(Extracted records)
○ ○ ○ ○ ○

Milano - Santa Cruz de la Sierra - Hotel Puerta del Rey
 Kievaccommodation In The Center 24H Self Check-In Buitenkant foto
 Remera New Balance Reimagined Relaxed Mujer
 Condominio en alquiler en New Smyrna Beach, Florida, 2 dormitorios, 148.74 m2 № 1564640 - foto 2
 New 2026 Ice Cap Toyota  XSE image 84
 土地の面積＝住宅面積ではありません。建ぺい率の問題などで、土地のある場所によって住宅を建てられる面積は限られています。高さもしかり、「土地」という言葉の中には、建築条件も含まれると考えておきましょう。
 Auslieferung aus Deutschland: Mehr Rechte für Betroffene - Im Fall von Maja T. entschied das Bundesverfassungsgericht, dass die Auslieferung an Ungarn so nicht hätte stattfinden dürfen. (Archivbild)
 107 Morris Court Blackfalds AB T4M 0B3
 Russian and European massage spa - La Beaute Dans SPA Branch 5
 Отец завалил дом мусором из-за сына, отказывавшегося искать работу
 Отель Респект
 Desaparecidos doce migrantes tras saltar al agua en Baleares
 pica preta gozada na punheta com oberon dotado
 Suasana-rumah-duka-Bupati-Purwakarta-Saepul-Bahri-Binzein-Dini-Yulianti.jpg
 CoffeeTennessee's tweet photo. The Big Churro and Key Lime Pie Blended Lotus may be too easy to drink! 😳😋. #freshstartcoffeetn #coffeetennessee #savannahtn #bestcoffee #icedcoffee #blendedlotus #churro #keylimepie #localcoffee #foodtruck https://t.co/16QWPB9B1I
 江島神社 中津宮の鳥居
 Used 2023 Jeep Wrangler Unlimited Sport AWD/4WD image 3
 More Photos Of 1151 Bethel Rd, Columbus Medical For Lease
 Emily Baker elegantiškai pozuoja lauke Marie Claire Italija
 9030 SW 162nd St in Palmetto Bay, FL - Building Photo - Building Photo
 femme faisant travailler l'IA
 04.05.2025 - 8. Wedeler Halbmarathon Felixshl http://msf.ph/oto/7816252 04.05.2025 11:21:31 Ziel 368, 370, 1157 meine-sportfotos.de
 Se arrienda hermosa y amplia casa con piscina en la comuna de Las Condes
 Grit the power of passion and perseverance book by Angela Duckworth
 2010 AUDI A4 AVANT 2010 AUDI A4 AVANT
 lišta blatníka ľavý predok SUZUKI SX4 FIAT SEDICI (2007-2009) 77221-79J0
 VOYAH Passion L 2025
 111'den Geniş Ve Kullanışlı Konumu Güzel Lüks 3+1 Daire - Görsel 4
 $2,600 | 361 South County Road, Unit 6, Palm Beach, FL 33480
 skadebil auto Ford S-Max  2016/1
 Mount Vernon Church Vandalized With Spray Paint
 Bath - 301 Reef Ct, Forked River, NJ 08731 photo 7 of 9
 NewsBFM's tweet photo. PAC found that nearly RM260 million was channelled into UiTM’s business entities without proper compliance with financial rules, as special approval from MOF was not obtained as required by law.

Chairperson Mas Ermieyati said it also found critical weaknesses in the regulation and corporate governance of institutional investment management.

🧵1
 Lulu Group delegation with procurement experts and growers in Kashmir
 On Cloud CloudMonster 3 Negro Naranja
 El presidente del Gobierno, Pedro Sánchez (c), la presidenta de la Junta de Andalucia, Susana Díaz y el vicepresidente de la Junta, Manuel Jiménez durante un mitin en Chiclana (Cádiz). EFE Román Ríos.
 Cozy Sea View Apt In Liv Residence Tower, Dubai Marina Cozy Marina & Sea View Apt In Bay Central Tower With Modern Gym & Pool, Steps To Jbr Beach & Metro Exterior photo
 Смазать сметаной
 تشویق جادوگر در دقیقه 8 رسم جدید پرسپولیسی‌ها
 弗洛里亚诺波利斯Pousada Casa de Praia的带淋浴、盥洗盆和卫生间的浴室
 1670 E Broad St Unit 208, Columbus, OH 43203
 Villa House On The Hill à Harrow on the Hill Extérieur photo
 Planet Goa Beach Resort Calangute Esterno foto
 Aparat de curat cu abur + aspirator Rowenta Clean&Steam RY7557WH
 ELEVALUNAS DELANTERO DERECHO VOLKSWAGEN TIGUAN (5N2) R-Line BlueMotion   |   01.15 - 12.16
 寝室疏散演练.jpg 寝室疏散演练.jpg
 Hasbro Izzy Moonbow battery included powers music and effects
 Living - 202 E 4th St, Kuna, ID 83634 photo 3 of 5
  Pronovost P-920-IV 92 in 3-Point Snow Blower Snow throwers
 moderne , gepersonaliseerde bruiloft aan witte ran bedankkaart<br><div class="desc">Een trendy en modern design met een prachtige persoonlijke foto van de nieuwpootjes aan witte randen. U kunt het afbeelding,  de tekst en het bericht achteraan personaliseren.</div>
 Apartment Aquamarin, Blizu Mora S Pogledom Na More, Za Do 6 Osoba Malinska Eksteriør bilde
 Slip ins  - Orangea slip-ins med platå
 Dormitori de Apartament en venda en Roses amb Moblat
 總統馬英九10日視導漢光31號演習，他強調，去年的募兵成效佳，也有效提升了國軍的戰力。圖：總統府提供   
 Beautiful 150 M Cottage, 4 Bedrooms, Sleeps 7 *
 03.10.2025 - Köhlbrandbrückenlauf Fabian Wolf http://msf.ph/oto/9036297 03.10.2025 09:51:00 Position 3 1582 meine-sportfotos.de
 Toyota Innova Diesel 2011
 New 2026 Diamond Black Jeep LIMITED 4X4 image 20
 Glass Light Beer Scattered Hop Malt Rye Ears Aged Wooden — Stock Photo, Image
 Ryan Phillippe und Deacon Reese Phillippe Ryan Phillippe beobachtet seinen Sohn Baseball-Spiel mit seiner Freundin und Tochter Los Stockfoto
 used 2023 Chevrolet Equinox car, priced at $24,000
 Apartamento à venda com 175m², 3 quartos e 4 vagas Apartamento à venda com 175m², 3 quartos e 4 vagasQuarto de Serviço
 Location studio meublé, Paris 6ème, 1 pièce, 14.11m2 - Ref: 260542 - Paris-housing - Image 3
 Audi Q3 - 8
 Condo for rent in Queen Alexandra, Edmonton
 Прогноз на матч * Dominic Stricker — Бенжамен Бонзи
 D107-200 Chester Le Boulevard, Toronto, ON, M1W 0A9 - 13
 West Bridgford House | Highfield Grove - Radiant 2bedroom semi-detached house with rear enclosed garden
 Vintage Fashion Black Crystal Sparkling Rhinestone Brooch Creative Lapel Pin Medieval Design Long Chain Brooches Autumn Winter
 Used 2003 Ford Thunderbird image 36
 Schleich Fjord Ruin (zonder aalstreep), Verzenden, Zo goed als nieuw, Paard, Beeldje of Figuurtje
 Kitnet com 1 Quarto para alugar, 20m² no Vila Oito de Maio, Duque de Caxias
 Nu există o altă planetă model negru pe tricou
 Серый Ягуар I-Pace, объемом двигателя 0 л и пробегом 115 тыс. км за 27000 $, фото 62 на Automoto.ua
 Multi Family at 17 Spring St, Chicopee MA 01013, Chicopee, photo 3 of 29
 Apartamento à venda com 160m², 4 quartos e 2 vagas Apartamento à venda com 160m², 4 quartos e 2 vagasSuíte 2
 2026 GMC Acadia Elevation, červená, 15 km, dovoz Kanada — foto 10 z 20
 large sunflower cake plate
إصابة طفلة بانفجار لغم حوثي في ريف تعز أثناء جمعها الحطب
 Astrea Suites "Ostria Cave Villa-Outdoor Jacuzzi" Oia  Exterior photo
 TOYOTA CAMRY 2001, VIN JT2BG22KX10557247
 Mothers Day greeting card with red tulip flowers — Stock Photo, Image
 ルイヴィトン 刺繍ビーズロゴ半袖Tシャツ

○ ○ ○ ○ ○

Work instruction:
Set down the lines above as they stand, starting with the first line and ending with the line that contains "femme faisant travailler l'IA".

Solution:
Milano - Santa Cruz de la Sierra - Hotel Puerta del Rey
 Kievaccommodation In The Center 24H Self Check-In Buitenkant foto
 Remera New Balance Reimagined Relaxed Mujer
 Condominio en alquiler en New Smyrna Beach, Florida, 2 dormitorios, 148.74 m2 № 1564640 - foto 2
 New 2026 Ice Cap Toyota  XSE image 84
 土地の面積＝住宅面積ではありません。建ぺい率の問題などで、土地のある場所によって住宅を建てられる面積は限られています。高さもしかり、「土地」という言葉の中には、建築条件も含まれると考えておきましょう。
 Auslieferung aus Deutschland: Mehr Rechte für Betroffene - Im Fall von Maja T. entschied das Bundesverfassungsgericht, dass die Auslieferung an Ungarn so nicht hätte stattfinden dürfen. (Archivbild)
 107 Morris Court Blackfalds AB T4M 0B3
 Russian and European massage spa - La Beaute Dans SPA Branch 5
 Отец завалил дом мусором из-за сына, отказывавшегося искать работу
 Отель Респект
 Desaparecidos doce migrantes tras saltar al agua en Baleares
 pica preta gozada na punheta com oberon dotado
 Suasana-rumah-duka-Bupati-Purwakarta-Saepul-Bahri-Binzein-Dini-Yulianti.jpg
 CoffeeTennessee's tweet photo. The Big Churro and Key Lime Pie Blended Lotus may be too easy to drink! 😳😋. #freshstartcoffeetn #coffeetennessee #savannahtn #bestcoffee #icedcoffee #blendedlotus #churro #keylimepie #localcoffee #foodtruck https://t.co/16QWPB9B1I
 江島神社 中津宮の鳥居
 Used 2023 Jeep Wrangler Unlimited Sport AWD/4WD image 3
 More Photos Of 1151 Bethel Rd, Columbus Medical For Lease
 Emily Baker elegantiškai pozuoja lauke Marie Claire Italija
 9030 SW 162nd St in Palmetto Bay, FL - Building Photo - Building Photo
 femme faisant travailler l'IA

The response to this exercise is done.